● **YOUR INSTRUCTIONS**:
All of the data below should be printed again word for word, pictures excluded.

● **DATASET EXCERPT**:
# # #
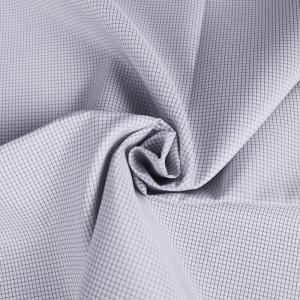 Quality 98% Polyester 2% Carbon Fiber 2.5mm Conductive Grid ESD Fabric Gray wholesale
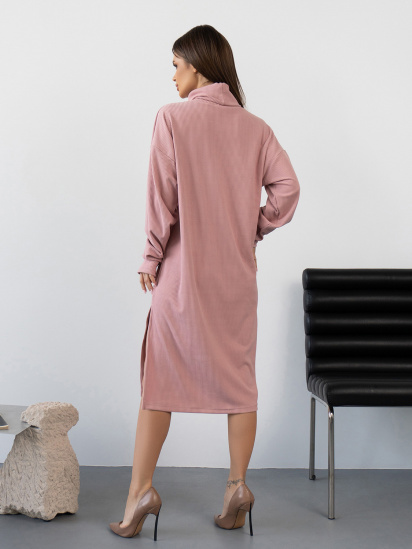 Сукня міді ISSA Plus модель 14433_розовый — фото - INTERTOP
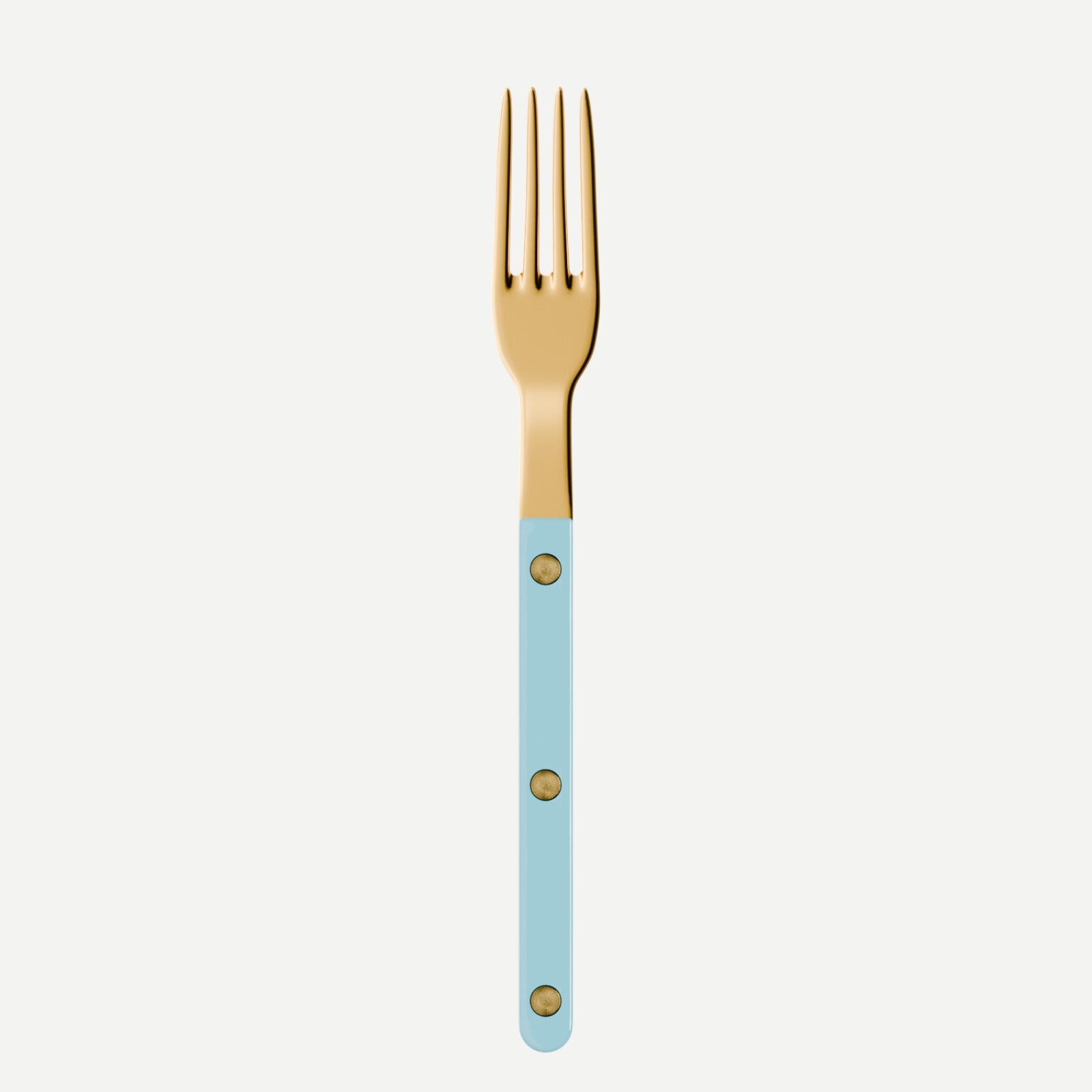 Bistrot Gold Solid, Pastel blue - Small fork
# # #
● **ANSWER SPACE**:
 Quality 98% Polyester 2% Carbon Fiber 2.5mm Conductive Grid ESD Fabric Gray wholesale
 Сукня міді ISSA Plus модель 14433_розовый — фото - INTERTOP
 Bistrot Gold Solid, Pastel blue - Small fork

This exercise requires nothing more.